Prompt: Would you copy out each line of the records below that includes the word "Christmas"?

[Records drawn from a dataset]
::::

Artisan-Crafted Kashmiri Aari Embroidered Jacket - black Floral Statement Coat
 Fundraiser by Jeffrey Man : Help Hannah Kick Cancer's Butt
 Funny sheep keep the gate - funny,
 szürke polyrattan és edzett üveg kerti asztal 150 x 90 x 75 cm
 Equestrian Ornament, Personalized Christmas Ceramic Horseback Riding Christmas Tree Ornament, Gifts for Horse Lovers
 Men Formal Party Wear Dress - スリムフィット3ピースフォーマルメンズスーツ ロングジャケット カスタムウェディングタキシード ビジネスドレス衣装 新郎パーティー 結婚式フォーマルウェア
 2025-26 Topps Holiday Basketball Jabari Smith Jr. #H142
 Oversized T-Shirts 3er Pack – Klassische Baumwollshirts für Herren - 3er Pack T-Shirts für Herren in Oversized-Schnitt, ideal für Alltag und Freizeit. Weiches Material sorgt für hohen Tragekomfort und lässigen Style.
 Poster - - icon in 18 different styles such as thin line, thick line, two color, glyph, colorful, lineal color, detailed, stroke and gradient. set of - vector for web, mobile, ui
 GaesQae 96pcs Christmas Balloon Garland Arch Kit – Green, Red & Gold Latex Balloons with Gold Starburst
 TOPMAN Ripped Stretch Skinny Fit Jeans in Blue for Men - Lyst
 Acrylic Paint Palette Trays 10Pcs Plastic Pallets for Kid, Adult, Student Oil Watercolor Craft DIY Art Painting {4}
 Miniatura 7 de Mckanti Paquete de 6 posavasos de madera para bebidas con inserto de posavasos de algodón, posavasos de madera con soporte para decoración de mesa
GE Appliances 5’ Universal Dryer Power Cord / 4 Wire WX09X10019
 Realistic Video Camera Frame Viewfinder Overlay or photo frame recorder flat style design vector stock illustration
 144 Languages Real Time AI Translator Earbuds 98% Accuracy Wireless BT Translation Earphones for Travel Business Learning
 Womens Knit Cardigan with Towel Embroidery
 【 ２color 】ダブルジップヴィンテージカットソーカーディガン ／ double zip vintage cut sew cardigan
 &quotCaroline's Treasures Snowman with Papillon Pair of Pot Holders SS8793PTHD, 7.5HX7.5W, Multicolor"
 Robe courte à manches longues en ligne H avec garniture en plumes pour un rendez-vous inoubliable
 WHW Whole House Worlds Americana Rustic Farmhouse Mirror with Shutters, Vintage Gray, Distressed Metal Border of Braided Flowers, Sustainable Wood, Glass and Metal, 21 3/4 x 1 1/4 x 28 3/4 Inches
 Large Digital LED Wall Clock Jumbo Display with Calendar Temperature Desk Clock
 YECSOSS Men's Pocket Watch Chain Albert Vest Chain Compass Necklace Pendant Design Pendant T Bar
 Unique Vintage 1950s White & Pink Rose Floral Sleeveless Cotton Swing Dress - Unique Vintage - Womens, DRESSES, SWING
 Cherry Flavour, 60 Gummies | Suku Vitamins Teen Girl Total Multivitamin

::::

Solved problem:
 Equestrian Ornament, Personalized Christmas Ceramic Horseback Riding Christmas Tree Ornament, Gifts for Horse Lovers
 GaesQae 96pcs Christmas Balloon Garland Arch Kit – Green, Red & Gold Latex Balloons with Gold Starburst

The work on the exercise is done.